RIYADH: With demand pattern unclear and global economy emitting confusing signals, Opec had little option other than rolling over the crude output ceiling and ‘staying the course.’
There were too many contradictory signals, making the emerging scenario still more confusing. The global consumption pattern, so very crucial to Opec decision making, was still far from clear.


Collapsing demand pattern has been a cause of real concern to Opec and the ministers were overtly conscious of the fact at the Vienna moot.

The rate at which demand recovers remains a critical – yet unknown – variable. And the ministers were required to take a decision without being able to peep into foreseeable future.

And despite some glimmers of hope, the US Federal Reserve continues to see ‘significant downside risks’ for the US economy, with the global financial system still ‘vulnerable to further shocks.’
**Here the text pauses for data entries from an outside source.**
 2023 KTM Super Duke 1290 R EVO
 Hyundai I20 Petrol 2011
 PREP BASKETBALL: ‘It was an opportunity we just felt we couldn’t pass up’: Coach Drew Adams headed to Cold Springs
And while the global economic fundamentals continue to be dire and unemployment is rising across the world, stock markets are interestingly buoyant and oil prices have been edging higher over the last few weeks. Demand estimates are at best still murky.The IEA estimates the oil demand to fall by three per cent this year, the sharpest drop in about 30 years, to about 83 million barrels a day. The world today is using much less oil than it did a year ago.

In the first quarter of 2009, global oil demand was an estimated 3.6 million bpd down on the previous year; the London based Centre for Global Energy Studies (CGES) said in its just released Monthly Oil Report.

In the current quarter too, the CGES projects a year-on-year drop in demand of around 1.5 million bpd. However, interestingly the CGES points out it is beginning to look as if global oil consumption in 2Q09 could turn out to be higher than it was in 1Q09, potentially bringing to an end a run of five consecutive quarters of falling global oil demand.

This is not to say that the outlook for oil demand growth is good, but that it is less awful than it has been in recent months, the influential energy think tank commented.

Then the issue of quota compliance was also very much on the minds of the ministers occupying the central place on Friday. With some easing of the situation, compliance with the cuts now seems slipping down – gain — to 77 per cent in April as against 80 per cent the month earlier.

Till yet Riyadh has been bearing a significant portion of the burden of the output cut, even going below its sanctioned quota – apparently to try and ensure balanced markets. But not everyone seems complying fully and thus compliance was again stressed at the just concluded Vienna moot.

The question remained how can the oil price, along with equities, defy reality and show a measure of exuberance in the face of such a depressing economic reality? One answer is speculators returning to markets.

Opec has been raising voice as in recent days there has been a substantial rise in the open interest positions (both long and short) of the group of non-reporting players, or small-scale speculators, at NYMEX.

These small-scale speculators now hold the largest net long positions. And markets seem to be holding on to this lifeline.

And the Opec decision needs to be seen in this very perspective. It is after all prudent to defer drastic measures unless one is sure of how things would shape. And this is what exactly the Opec did.